Bethlehem Lutheran Church, Lebanon, OR
Lent Midweek 3 – March 22, 2017
Text: Isaiah 46:8-11
“Hallowed be Thy Name”
God does whatever He wants. Unlike us, He is not bound by anything or anyone—“I have spoken, and I will bring it to pass; I have purposed, and I will do it.” Absolute power corrupts absolutely—when it comes to men. But God is not like us. He is altogether good. He does not lie or deceive, He does not wish harm even for His enemies. So, God’s autonomy isn’t something to dread—unless you’re His enemy.
On our part, our will is not only constrained by being a creature, but our natural hearts are bound to sin. Our flesh wants its own way over against God’s—God promises to be our only help in time of need but we want a backup plan; He wants us to speak the truth in love about our neighbor, but we’d rather share those truths which boost us up; God gives everything we need, but our heart says we can’t live without a newer and different life. Because of sin, we have a will that runs counter to God’s.

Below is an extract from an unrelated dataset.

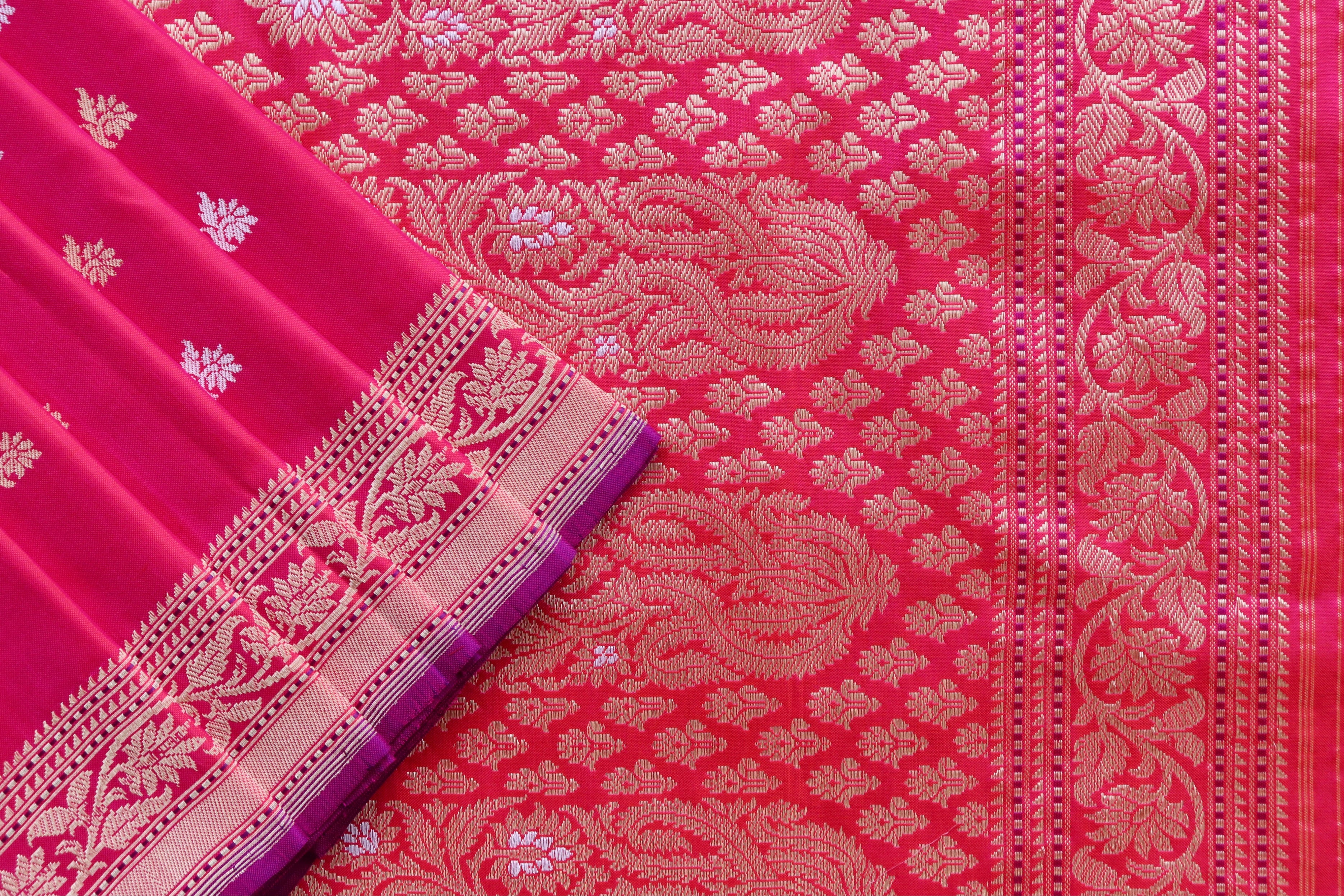 Rani Kadhua Motif Pure Silk Handloom Banarasi Saree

But this cannot go on forever. The Lord does what He wills and if we try to oppose Him, we will surely lose not only the contest, but our very lives. “Shall we provoke the Lord to jealousy? Are we stronger than he?” (1 Cor. 10:22)
How can our human, sinful wills be aligned with God’s? This can only be through the one Man who brought peace between God and sinners—Jesus Christ. If there was understandably any time for a Man’s to argue with God about His will, it was when Jesus was in the Garden of Gethsemane. Betray a righteous Man? Condemn an innocent Man to death? Surely not! “41 And he withdrew from them about a stone’s throw, and knelt down and prayed, 42 saying, “Father, if you are willing, remove this cup from me. Nevertheless, not my will, but yours, be done.” 43 And there appeared to him an angel from heaven, strengthening him. 44 And being in agony he prayed more earnestly; and his sweat became like great drops of blood falling down to the ground.”

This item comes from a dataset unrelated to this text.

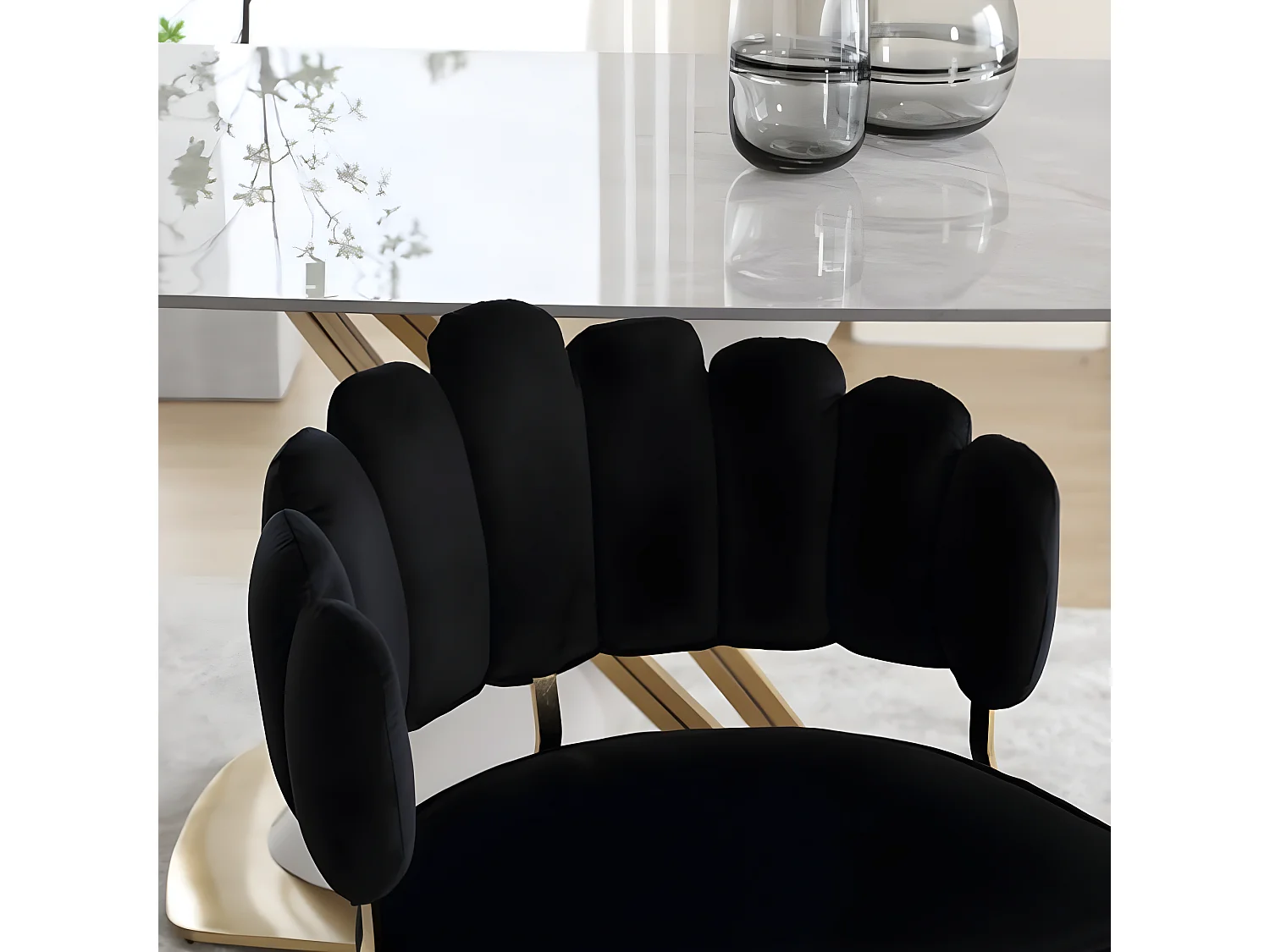 Ensemble de chaises rembourrées en velours doux, idéal pour la salle à manger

But it was God’s will that sinners should be saved. “By oppression and judgment he was taken away; and as for his generation, who considered that he was cut off out of the land of the living, stricken for the transgression of my people? And they made his grave with the wicked and with a rich man in his death, although he had done no violence, and there was no deceit in his mouth. Yet it was the will of the Lord to crush him; he has put him to grief; when his soul makes an offering for guilt, he shall see his offspring; he shall prolong his days; the will of the Lord shall prosper in his hand.” (Isaiah 53:8-10) The will of the Lord does prosper: That your sins are forgiven, that you have become God’s own dear child, and that you have the hope of a blessed eternity.
So this is a prayer that we, even in our weakness, have grace to acknowledge God’s will to be good for us and all the world. We pray against our sinful nature, which will oppose God’s will, egged on by the devil and the world. We pray that the devil and the world would be brought to an end, that God’s Name would be called upon by pure hearts, and that His Kingdom would grow and reach every part of the earth.
We also pray that God would renew our hearts, especially our wills. That He would “create in us clean hearts, and renew a right spirit within us.” That our desires and delight would be in those things that God delights in—showing mercy to the weak, loving even our enemies, defending the cause of the poor, and bringing His love to whatever callings we have on earth.
So we pray, and so God hears our prayer, that each day we be conformed to the image of our Savior who—even at the prospect of His passion—said, “Thy will be done.”
In the words of Hebrews 13: “Now may the God of peace who brought again from the dead our Lord Jesus, the great shepherd of the sheep, by the blood of the eternal covenant, equip you with everything good that you may do his will, working in us that which is pleasing in his sight, through Jesus Christ, to whom be glory forever and ever. Amen.”